Markterfolg, aber Mutterleid: Dürer, so erklärt Psychoanalytikerin Jeannette Fischer, musste erkennen, „dass es Leid und Schmerz verursachte, wenn er sein Potenzial auslebt“. Und mit Blick auf sein für die Zeit so ungewöhnliches Selbstporträt als Akt sagt sie: „Man hat nicht den Eindruck von einem jungen potenten Mann, der mitten im Saft steht. Er muss diese Seiten gehabt haben, mit denen er gehadert hat und unter denen er auch gelitten hat.“

Ihn plagt panische Angst vor den damals grassierenden Seuchen. Auch zum Gesundheitsschutz und nicht nur, um die neue Kunst dort kennenzulernen, reist er deshalb wohl nach Italien. „Er blüht dort auf, wird glücklicher, frecher, konsumfreudiger“, sagt Thomas Eser über den Künstler, der bei allem nach außen getragenen Selbstbewusstsein in dem sehenswerten Kunst-Film auch als sehr nachdenklich gezeichnet wird.

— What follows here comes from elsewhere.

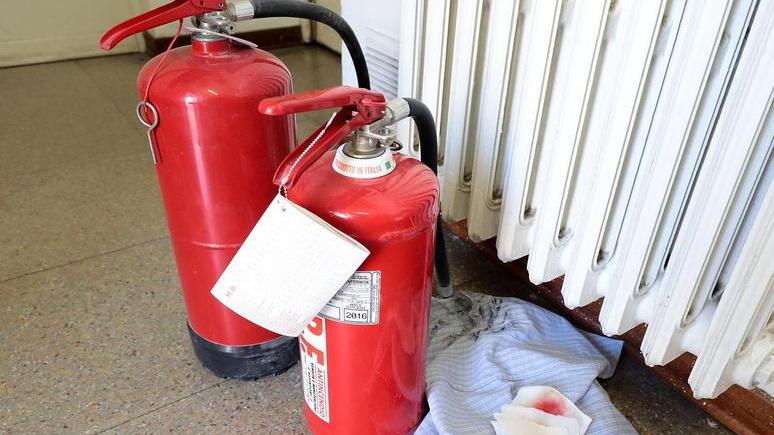 Salvato da due donne nell’Ape in fiamme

Mit dem Kinderwunsch der Dürers hat es nicht geklappt, aber die von ihm geschaffenen und von seiner Frau vertriebenen Bilder zählen bis heute zu den Meisterwerken der Kunstgeschichte – ganz so wie Albrecht es Agnes vorausgesagt hat.

Samstag, 4. Dezember, 20.15 Uhr, und Sonntag 12. Dezember, 13.45 Uhr, auf Arte.